この2年後に薛濤を寵愛した剣南節度使韋皐は蜀の地で死んでいる。61歳であった。


黠虜猶違命,烽煙直北愁。
あの悪くてずるい吐蕃の奴らが、いまだに唐朝廷の命にそむいている。この度も成都の真北の国境地帯からのろしがあがって侵入のしらせがきた。北の方は困ったことです。

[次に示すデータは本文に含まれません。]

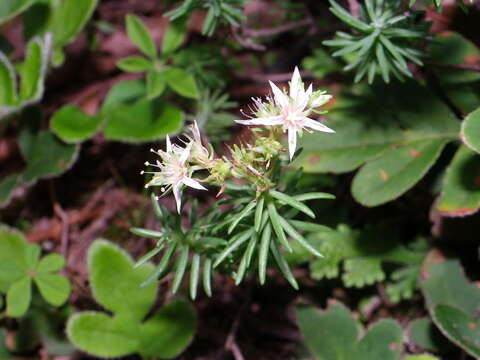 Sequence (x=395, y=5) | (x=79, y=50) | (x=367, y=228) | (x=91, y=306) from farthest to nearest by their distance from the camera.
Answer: (x=79, y=50)
(x=91, y=306)
(x=367, y=228)
(x=395, y=5)

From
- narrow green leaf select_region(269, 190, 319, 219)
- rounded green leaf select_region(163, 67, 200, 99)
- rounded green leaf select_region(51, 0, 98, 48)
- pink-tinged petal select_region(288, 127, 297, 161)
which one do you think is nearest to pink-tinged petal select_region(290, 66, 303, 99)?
pink-tinged petal select_region(288, 127, 297, 161)

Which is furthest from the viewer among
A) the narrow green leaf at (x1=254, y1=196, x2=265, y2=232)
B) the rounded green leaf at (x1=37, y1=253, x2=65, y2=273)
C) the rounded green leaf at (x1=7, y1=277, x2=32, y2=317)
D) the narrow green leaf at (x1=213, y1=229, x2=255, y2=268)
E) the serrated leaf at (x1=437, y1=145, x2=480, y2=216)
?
the rounded green leaf at (x1=37, y1=253, x2=65, y2=273)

・黠虜/黠賊 吐蕃を蔑んでこう呼んだ。蜀から西域涼州にかけて国境を接していて、唐に問題があると必ず局地戦を仕掛けてきている。したがって、この侵略行為に対して不安状態にあったことは間違いないことなのだ。しかし吐蕃の側から見れば、漢民族が日常的に浸透、侵略をしており、それを我慢しきれず跳ね返したということで、本気で蜀を侵略しようというものではなかったのだ。そういった漢民族の浸透侵略性は現在にも受け継がれている民族性である。(チベット、ウイグル、内モンゴル、満州民族を完全に中国化してしまっている。)
・違命 唐にそむいたこと。
・烽煙 のろしの煙。山頂で薪を焚いて煙をあげ、順に急を告げることになっていた。焚火に狼の糞を加えると煙が細くまっすぐにあがるので、狼煙ともいう.

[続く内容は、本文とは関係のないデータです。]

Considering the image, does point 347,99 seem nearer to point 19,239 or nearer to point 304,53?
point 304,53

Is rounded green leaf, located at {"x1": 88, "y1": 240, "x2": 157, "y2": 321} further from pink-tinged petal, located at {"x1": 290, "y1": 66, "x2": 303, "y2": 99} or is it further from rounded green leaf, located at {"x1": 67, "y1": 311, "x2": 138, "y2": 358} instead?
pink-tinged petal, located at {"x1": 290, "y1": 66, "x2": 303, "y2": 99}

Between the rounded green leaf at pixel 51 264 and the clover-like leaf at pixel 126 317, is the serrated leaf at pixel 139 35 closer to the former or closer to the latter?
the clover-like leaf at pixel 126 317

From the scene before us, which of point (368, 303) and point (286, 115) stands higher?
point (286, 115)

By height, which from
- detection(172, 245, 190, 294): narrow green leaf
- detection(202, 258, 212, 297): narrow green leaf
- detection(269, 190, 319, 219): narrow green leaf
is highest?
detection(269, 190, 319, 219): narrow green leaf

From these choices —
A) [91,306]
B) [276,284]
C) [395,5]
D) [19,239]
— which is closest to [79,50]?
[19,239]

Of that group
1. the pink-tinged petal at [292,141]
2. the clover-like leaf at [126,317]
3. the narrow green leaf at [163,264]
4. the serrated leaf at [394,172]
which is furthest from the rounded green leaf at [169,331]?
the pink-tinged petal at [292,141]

・直北 松州方面は、成郡の真北成都の北180kmのところに当たる。


卻教嚴譴妾,不敢向松州。
わたしは、いまきびしい譴責をうけてわたしは北の都護府の軍営の慰問をしているところ。その都護府のさらに北の松州慰問迎へということであったが、節度使さまは、わたしの身を心配されて、途中からもどってこいというお使いをくださった。
・嚴譴 きびしい譴責をうける。おしかり。
・妾 わたし。
・松州 今の四川省の西北部成都の北180kmのところ。蔵族自治区の松藩。チベット族が岷山台地から四川盆地へ侵入してくる場合の要衝の地。唐では恭州に都護府を置いていたが、貞元十六年吐蕃の侵攻によって陥落した。